Later, he uses a fan to blow air into his ear and even more smoke comes out of his mouth. The performance culminates with actual flames coming out of his mouth, which get bigger and and more frequent towards the end. The whole thing seems miraculous, but after watching the video, some forum users came up with a few plausible explanations.
“There’s probably a hot ember in the sawdust he packed in his mouth,” wrote a self-confessed pyromaniac. “When he exhales, the ember starts to consume the surrounding sawdust with the oxygen provided. He maintains the fire controlling the oxygen supply. If it’s out of control, he smothers it with compressed sawdust.” Others suspected that the sawdust was so highly flammable that he could probably set fire to it very easily. After doing a bit of online research, it seems reporters have watched Liu performing the feat in front of their eyes, and confirmed he uses nothing to light the sawdust.

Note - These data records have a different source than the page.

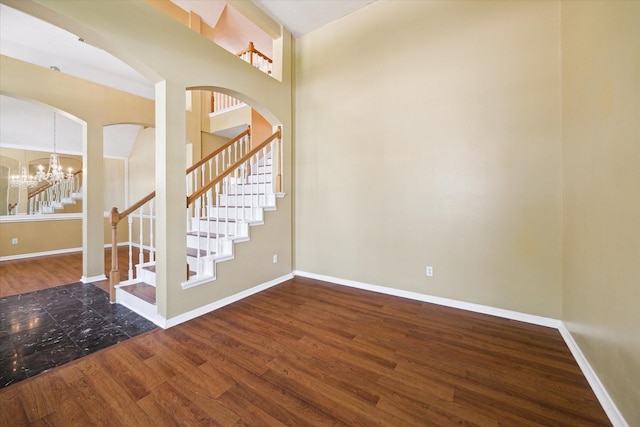 19119 Timber Trace Dr, Humble, TX 77346 - foyer featuring stairway, wood finished floors, baseboards, a chandelier, and arched walkways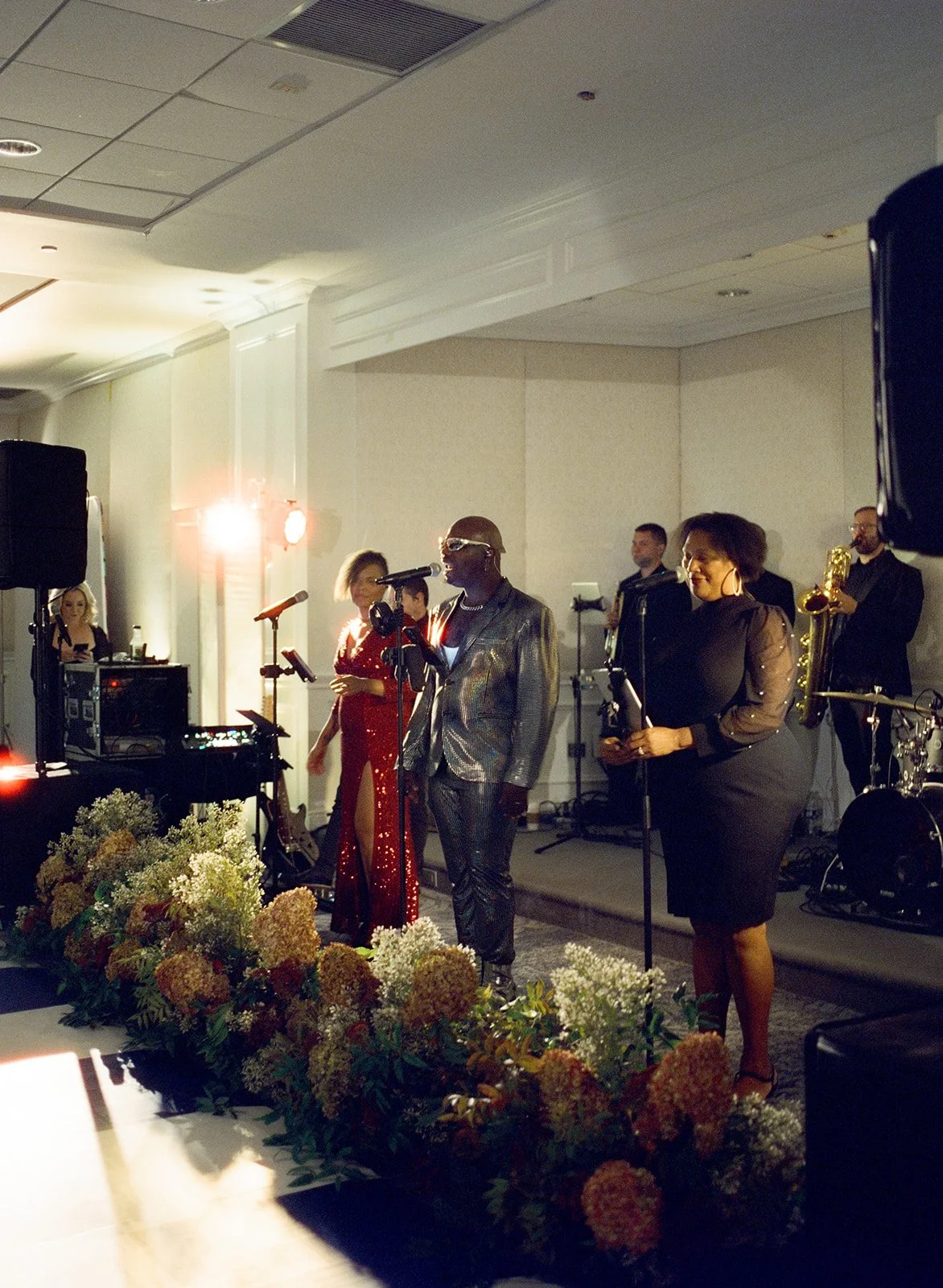 Atomic Funk Project band lead singers standing behind large floral bouquets on a stage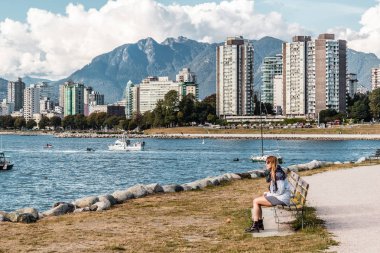 Downtown Vancouver, Kanada önünde bir bankta oturan kız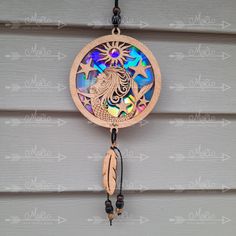 a wooden dream catcher hanging on the side of a building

“The chances are the sawdust is in fact lycopodium powder,” wrote another person. “The bowl most likely has buried in it a hidden mouth guard and when he stuffs his mouth with powder. In the mouth piece is hidden a capsule of potassium permanganate and glycerin, this ignites after 20 -30 seconds starting a reaction with the lycopodium, and the fan adds oxygen to the powder, the flame created at the end shows better combustion of the fuel.”
Well, whatever the explanation, it sure is a cool trick to watch.